Somewhere the enterprise continues, not –
yellow the sun lies on the baby's blouse –
in Henry's staggered thought.
I suppose the word would be, we must submit.
Later.
I hang, and I will not be part of it.
A friend of Henry's contrasted God's career
with Mozart's, leaving Henry with nothing to say
but praise for a word so apt.
We suffer on, a day, a day, a day.
And never again can come, like a man slapped,
news like this.
But of course it did, with the announcement of Berryman's own suicide a few years later. Which left no poet to mourn him with the plangency with which he had said farewell to his poet friends.
And yet, in spite of everything, that silent hunger is sometimes appeased. I no longer feel absent from the world or from myself. I no longer see myself sitting over my notebook or my typewriter. The pent-up energy finds an outlet.
How does this come about?
It comes, I think, from the discovery of boundaries. When I can reach out and touch an edge and it does not give, then I know that it is only a matter of time and patience before the entire boundary has been touched. And when there is a boundary there is a work.
Clearly I do not literally reach out my hand and touch something. But equally clearly this is not simply a metaphor. I do not imagine the boundary, I feel it. How?
Because I discover what happens when I cross it.
I do not know what the boundary is and I do not know where it is, but I know when I have crossed it. For on the other side there is nothing. No meaning and no foothold. Outside the boundary I am once more in the empty and arbitrary world from which I had thought to escape by starting to write.
The making of the work will then consist in my feeling my way forward innumerable times until this boundary, which I can only feel when I cross it, has been entirely mapped.
To discover the existence of a boundary is to discover the possibility of work, and of a work.
The work is that which lies inside the boundary. The work is the mapping of the boundary.
The temptation of addiction: to appease the frustration that comes from not being able to discover what work it is one should be engaged in.

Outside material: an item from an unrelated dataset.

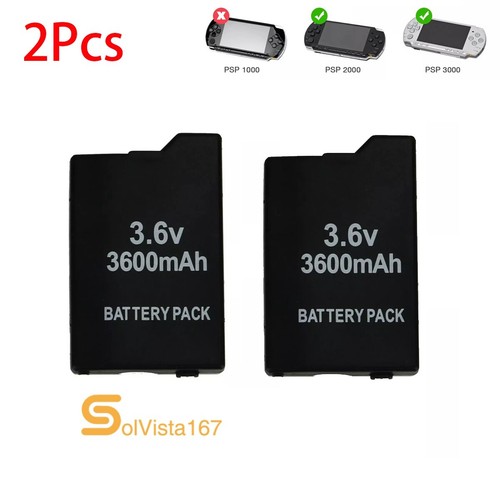 For Sony PSP 2000 3000 2001 3001 Rechargeable Replacement Battery Pack 3600mAh - Picture 26 of 43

The logic of addiction: to dissolve the boundaries between myself and the world so as to get rid of my useless isolation. But the boundaries do not disappear; they only recede as I advance.
The melancholy of addiction: if it is a kind of solution it is only a temporary and inadequate one, which takes us further and further from the world instead of returning us to it.
The dream of touch: that which joins me to the other by bringing both of us to life.
But it remains a dream so long as one is not working. So long as one is not advancing towards the boundary. Which means so long as one is not prepared to cross the boundary. To return to the empty room. The silent mirror. The temptation, the melancholy of addiction.
So long as one imagines that grasp, finality, can be substituted for touch.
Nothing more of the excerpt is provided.